アタシの朝はいたずらっ子によるメールから始まった。
『ん……、オレ様を祝いやが……えっ』
今日って何日何曜日!?
今日は五月九日。曜日なんかどうでもいい!
『プレゼント買ってない!』
アタシの眠気のとれないとろんとした顔は、パッチリと冴えてしまった。
どうするどうする!?
プレゼントが無いなんてバレたら死刑宣告されるも同じ!
『まじでないわ……、』
ため息を吐くこと数秒。
アタシの携帯が震えた。メールかと思ったら電話。しかも死刑宣告されるかもしれない相手、仙道清春サマからの。
『はい、』
「オマエなァ、起きてンなら返信しろってーノ!」
『ただいま留守にしております。ピーとなりましたらお名前とご用件を三十文字程度でお話しください。ぴー』
「テメェ…このオレッサマに喧嘩うってんのか?」
ヤヴァーイ。
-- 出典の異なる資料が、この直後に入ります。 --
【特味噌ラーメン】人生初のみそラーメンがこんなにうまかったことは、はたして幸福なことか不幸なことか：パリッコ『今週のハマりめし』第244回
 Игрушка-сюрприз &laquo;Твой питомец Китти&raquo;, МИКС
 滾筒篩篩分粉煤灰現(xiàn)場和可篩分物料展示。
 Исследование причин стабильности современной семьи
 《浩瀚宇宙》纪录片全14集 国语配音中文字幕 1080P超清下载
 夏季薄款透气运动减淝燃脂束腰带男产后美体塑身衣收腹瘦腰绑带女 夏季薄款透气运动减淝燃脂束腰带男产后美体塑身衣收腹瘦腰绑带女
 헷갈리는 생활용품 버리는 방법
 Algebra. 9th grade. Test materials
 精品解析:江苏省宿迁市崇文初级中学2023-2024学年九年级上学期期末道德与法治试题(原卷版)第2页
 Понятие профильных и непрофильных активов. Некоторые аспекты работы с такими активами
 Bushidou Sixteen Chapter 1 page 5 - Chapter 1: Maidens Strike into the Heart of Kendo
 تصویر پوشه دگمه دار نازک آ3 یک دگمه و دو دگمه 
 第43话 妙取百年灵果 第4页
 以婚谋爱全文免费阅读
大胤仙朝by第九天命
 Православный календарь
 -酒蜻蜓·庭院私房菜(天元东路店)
清春ってば相当ご立腹のようだ。
『あと九文字です』
「ンなの知るか、バーカ!」
ブチッと通話が切れた。平仮名で表すとぴったり三十。なんだかイヤな予感がする。
『……清春に出会っちゃう前になんかプレゼントでも』
買うわけにはいかない。
まだコンビニくらいしか開店していないから。
もう、アタシの選択肢は作ることしかないんだと悟ることしかできない。
冷蔵庫を漁れば母の日に作っていたパフェの残りがあった。
生クリームとかフルーツとか。
『……んー…なんとかなるか』
と言うか何とかしなきゃいけないよね。
『がんばろう!』
生クリームが泡立ってきた。
それと共にチャイムがなった。時間を見れば7時前。回覧板でも回ってきたのだと思い普通に扉を開ければそこには悪魔がいた。
『げ』
扉を閉じる…。前に、悪魔が足を挟め閉まりきるのを防いだ。
終わった……、アタシの人生。
「分かってンだろーなぁ、名無しちゃんよお」
『ひいいいいい!』
『ごめんなさい』
とりあえず謝りました。
リビング。悪魔を家に入れて早速土下座。なんでアタシみたいな奴が清春の彼女なのかは、まぁ…はしょるけども。
「プレゼントなんてなァ、オレサマにとっては貰おうが貰えまいがドーッでもいいんだよ」
「ターダァ、」
『ひぃっ!』
「留守電偽って誤魔化そうってんのは許せねーなァー」
『ご、ごめん!』
謝って許される?
……わけもなく、清春に抱き締められて一言言われる。
ああ…今日は学校を休まなきゃなんないみたいだ。
「今日はとことん動けなくなるまで遊ぼうぜェ?」
(お、生クリームあんじゃん)(それはプレゼントを…!)(なぁーるほどぉー。オレ様が美味しくなるように塗りたくってヤるぜー!)(きゃっ、アタシに付けないで、この変態!)